Less than a month before the beginning of classes, which are due to start between 14 and 17 September, families still do not know what their children’s student life will be like.
“We know there will be a return to face-to-face education, which we welcome, but we do not know how the measures will be implemented, and we need to organise our lives and ensure that we manage to reconcile family life with our professional lives”, warned Jorge Ascenção, president of the National Federation Association of Parents (Confap).
According to Lusa news agency, School administrations have some autonomy in implementing measures they consider to be the best for their school community.
There are schools that will extend opening hours, others are designing schedules to concentrate classes in morning or afternoon shifts and there are also solutions that reduce interval times, according to information advanced to Lusa by representatives of school principals.
However, there will be few schools that have already communicated to the families what measures they are going to adopt, so the students still do not know if they will have to enter the school earlier or if they will have all free afternoons, said the president of Confap.

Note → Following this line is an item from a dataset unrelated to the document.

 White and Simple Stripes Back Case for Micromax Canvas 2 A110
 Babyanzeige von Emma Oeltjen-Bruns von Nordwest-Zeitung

“There is still not much information and it is important that families are involved in this process, because this is not an exclusive problem for schools. These are measures that should be known to families so that they can organise themselves accordingly,” he said.
In the case of schools that opt for double schedules, “what will be the solution found for students who are not taking classes?” said Jorge Ascenção.
“We realise the complexity of preparing this school year, but it must be done in partnership with families. It is important that there is clearer and more precise communication”, he defended, regretting that the information is coming “little by little ”.
According to Jorge Ascenção, families fear possible contagions on their return to school, but there is a general perception that a new lockdown would have serious consequences for the psychological, emotional and physical health of children, as well as social and family issues.